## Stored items
══════
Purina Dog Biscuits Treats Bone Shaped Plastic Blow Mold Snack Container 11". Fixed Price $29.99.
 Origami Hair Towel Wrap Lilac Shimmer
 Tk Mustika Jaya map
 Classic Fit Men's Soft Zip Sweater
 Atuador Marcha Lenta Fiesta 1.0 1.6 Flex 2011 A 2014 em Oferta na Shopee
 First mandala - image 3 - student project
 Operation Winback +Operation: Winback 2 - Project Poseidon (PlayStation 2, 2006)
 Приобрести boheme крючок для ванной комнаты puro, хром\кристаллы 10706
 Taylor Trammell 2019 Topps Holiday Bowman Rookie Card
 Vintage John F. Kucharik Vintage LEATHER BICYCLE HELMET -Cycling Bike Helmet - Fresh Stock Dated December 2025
══════
## Work instructions
Word for word, copy every entry.

## Task result
Purina Dog Biscuits Treats Bone Shaped Plastic Blow Mold Snack Container 11". Fixed Price $29.99.
 Origami Hair Towel Wrap Lilac Shimmer
 Tk Mustika Jaya map
 Classic Fit Men's Soft Zip Sweater
 Atuador Marcha Lenta Fiesta 1.0 1.6 Flex 2011 A 2014 em Oferta na Shopee
 First mandala - image 3 - student project
 Operation Winback +Operation: Winback 2 - Project Poseidon (PlayStation 2, 2006)
 Приобрести boheme крючок для ванной комнаты puro, хром\кристаллы 10706
 Taylor Trammell 2019 Topps Holiday Bowman Rookie Card
 Vintage John F. Kucharik Vintage LEATHER BICYCLE HELMET -Cycling Bike Helmet - Fresh Stock Dated December 2025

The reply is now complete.